▶ **Dataset content**
______________________________

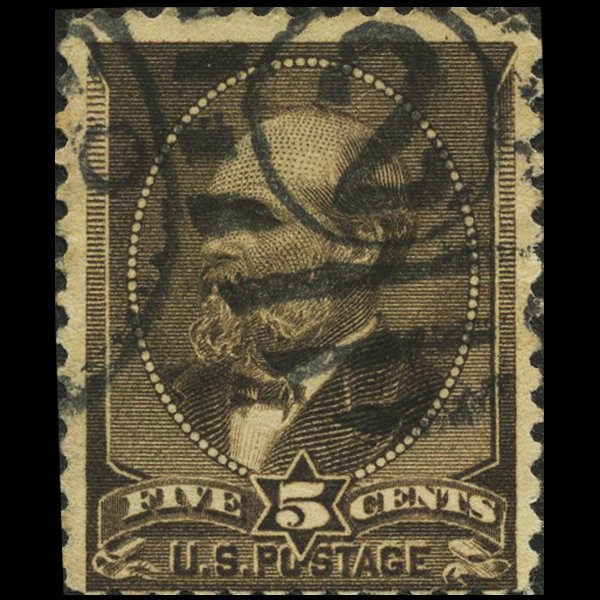 1882 US 5c Grant Stamp SCARCE Cancel: Nice piece with no hidden flaws; Sc 205 $20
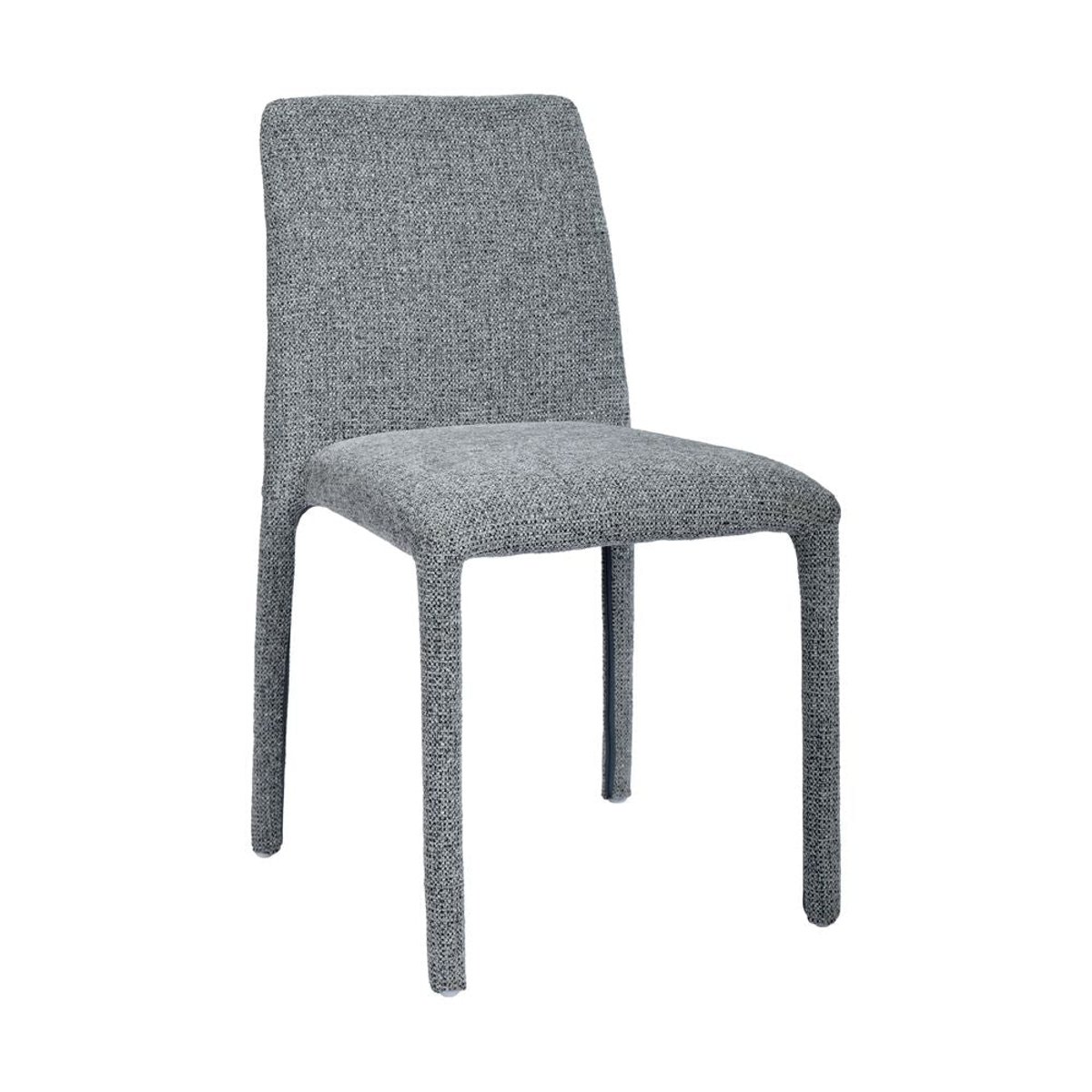 Chaise repas empilable tissu chenillé gris gris clair, ZAGO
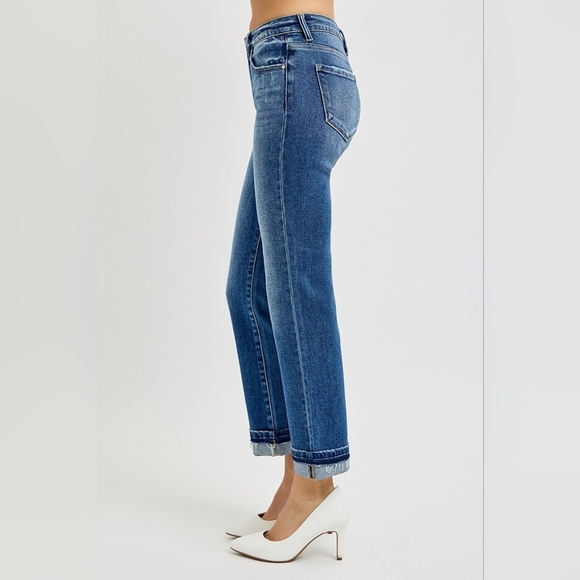 RISEN Mid Rise Dark Wash Straight Jeans Slim Ankle Cuffed Stretch Various NEW - Picture 4 of 6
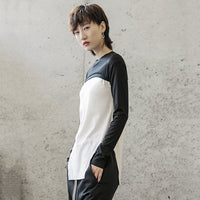 Black White Spliced Color T-shirt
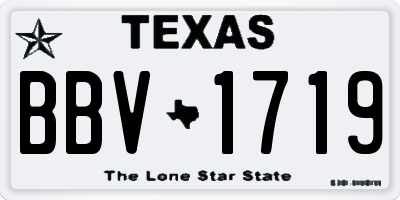 TX license plate BBV1719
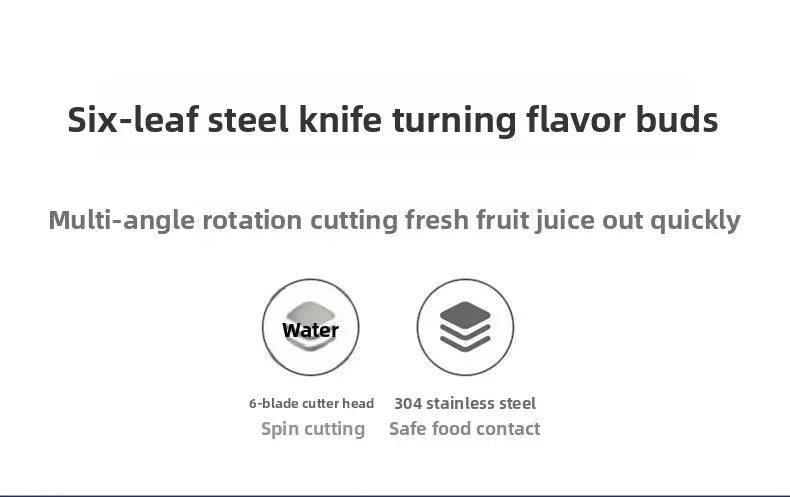 Portable Fruit Juicer Blenders Outdoor Personal Electric Mini Bottle Home USB Charge 6 Blades Double Cup Juicer Machine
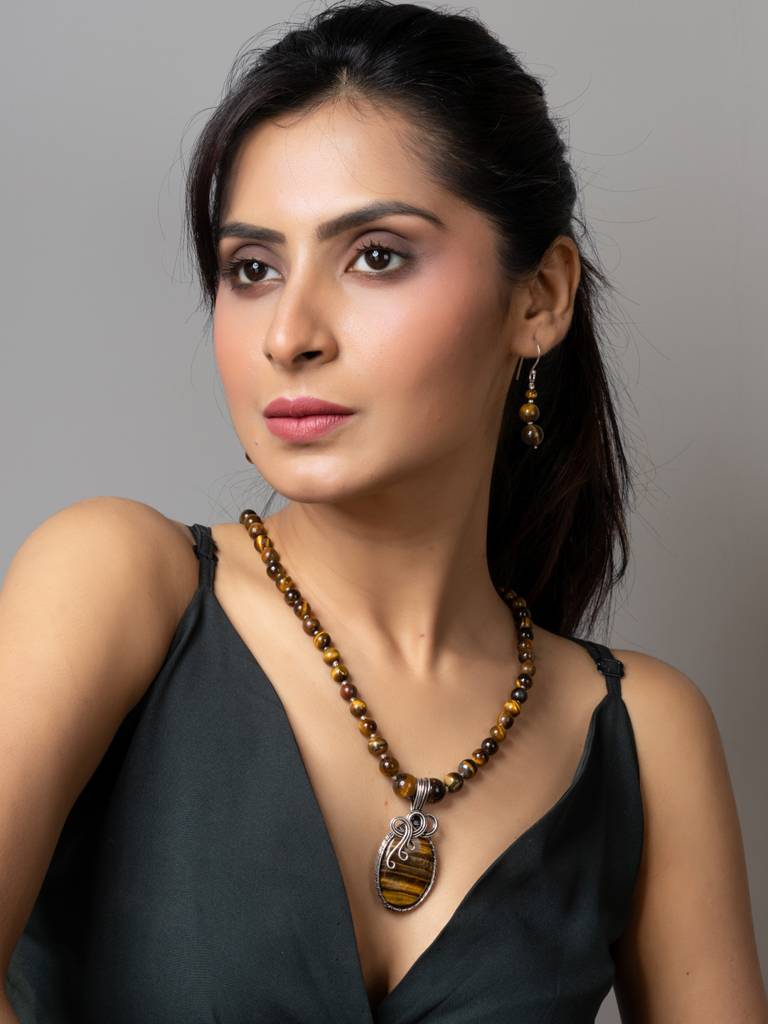 Handmade Designer Golden Brown Tiger Eye Stone Necklace Set : LAANP176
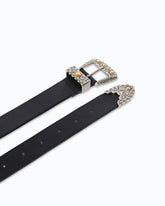 Texan leather belt with storage pockets, 3 cm - | Pinko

______________________________

▶ **Work request**
Beginning with the line that contains "Portable Fruit Juicer" and ending with the final line of the material, reproduce those lines exactly and nothing else. Omit the pictures.

▶ **Answer space**
 Portable Fruit Juicer Blenders Outdoor Personal Electric Mini Bottle Home USB Charge 6 Blades Double Cup Juicer Machine
 Handmade Designer Golden Brown Tiger Eye Stone Necklace Set : LAANP176
 Texan leather belt with storage pockets, 3 cm - | Pinko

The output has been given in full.